Japanese maples, redbud, cornelian cherry, flowering dogwood, serviceberry and witch hazel can be used if the canopy is high. These understory trees can help tie the treetops to the ground.
Yes, there are evergreens that grow in shade – western hemlock, yews, and arborvitae; and broadleaf evergreens boxwood and holly.
Rhododendrons, azaleas, hydrangeas, Japanese kerria, mountain laurel, calycanthus, itea, and viburnums are all great choices. Many of these shrubs flower in the spring bringing additional delight.
There are lots of perennials that don’t need a lot of light to flourish. For gorgeous foliage try ferns, hostas, Solomon’s seal, lady’s mantle, Jacob’s ladder, epimedium, heucheras, and blue eyed grass. Many of these perennials are spring bloomers – like bunnera, bergenia, lily of the valley, bleeding heart and columbine. But astilbe, aruncus and cimicifuga bloom in summer; and toad lily and some anemones are autumn bloomers.
You can plant spring bulbs under deciduous trees, and they will get all the sunlight they need and bloom before the trees develop all their foliage. Many spring bulbs like dry conditions, making them perfect to use under thirsty trees.
If you plant a groundcover together with the bulbs you can have the best of both worlds – a garden that bursts into bloom in the spring and is a cool restful green for the rest of the season.

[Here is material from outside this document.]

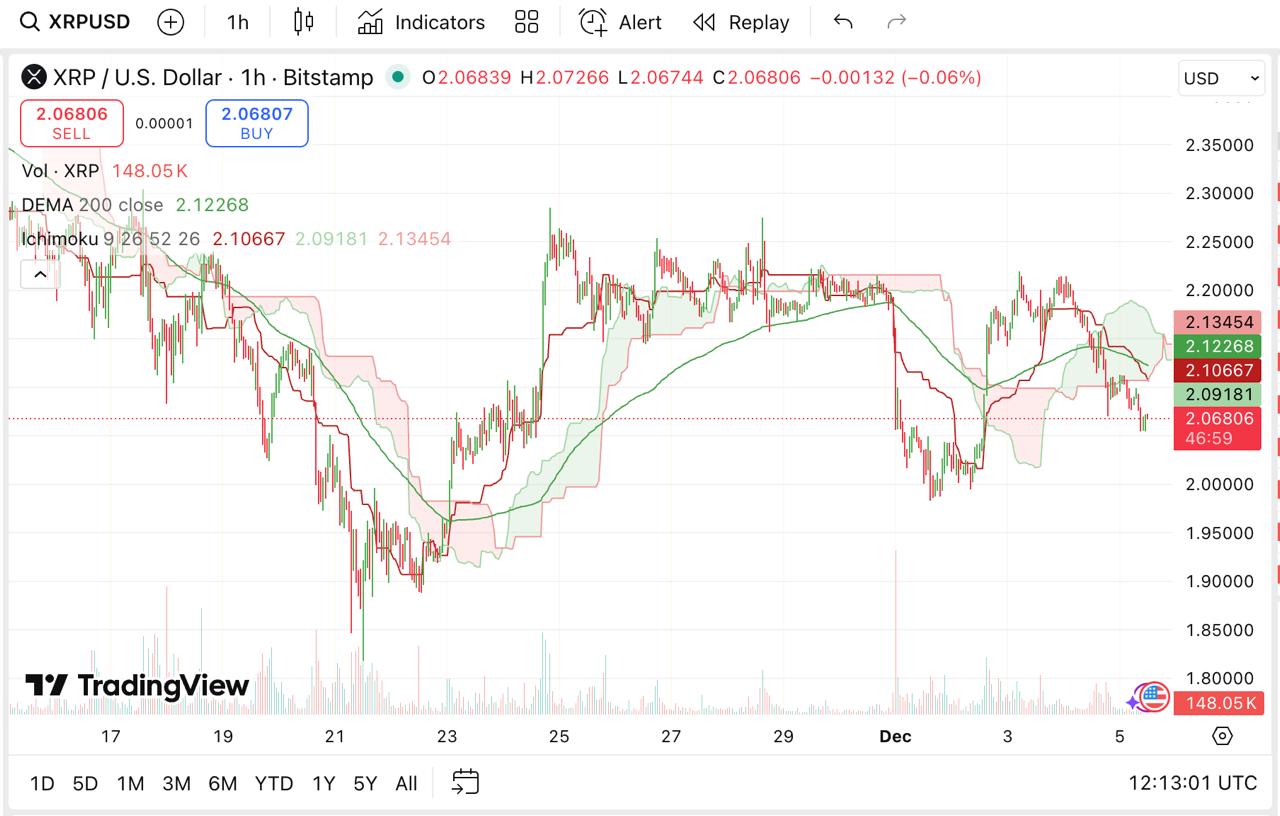 Ripple (XRP) Holders Reevaluate December Strategy Amid Rising Interest in Next-Gen Remittance Protocols Ripple (XRP) Holders Reevaluate December Strategy Amid Rising Interest in Next-Gen Remittance Protocols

For season-long color in a shady spot, grow begonias, impatiens, caladium, hypoestes, coleus, lobelia, alyssum, torenia and salvia.
Try a fuchsia in a hanging basket, hung from low branches or from a porch railing. New Guinea impatiens positively glow but remember that these plants need a lot of water!
Take your garden to new heights with some vines. Clematis love their feet in the shade and their heads in the sun, so they’ll be very happy climbing up a tree. Other vines to consider are climbing hydrangeas, dutchman’s pipe, and Virginia creeper.
Groundcovers can be used to plant the entire area or can be tucked into pockets and crannies between roots that are too small or other plants.
Try wild ginger, ajuga, periwinkle (vinca), lamiums, liriope, sweet woodruff, creeping thyme, and pachysandra. These plants will spread over time, making a carpet along the ground.
Unfortunately, vegetables cannot flourish because they need at least 6 hours of sun per day. However, there are some herbs that can tolerate less sun. Consider herbs such as lemon balm, sorrel, lovage, mint, thyme, dill, parsley, chives, and coriander.
Ongoing Maintenance and Care
Your garden may need more water and fertilizer if there is competition for moisture and nutrients. Use mulch to help hold in the moisture. Mulch has the added benefit of adding nutrients to the soil as it breaks down. It’s a good idea to refresh the mulch every year or two.
You might not have to do much weeding. Violets and creeping charlie are weeds that thrive in the shade, but many other common garden weeds need more sunshine.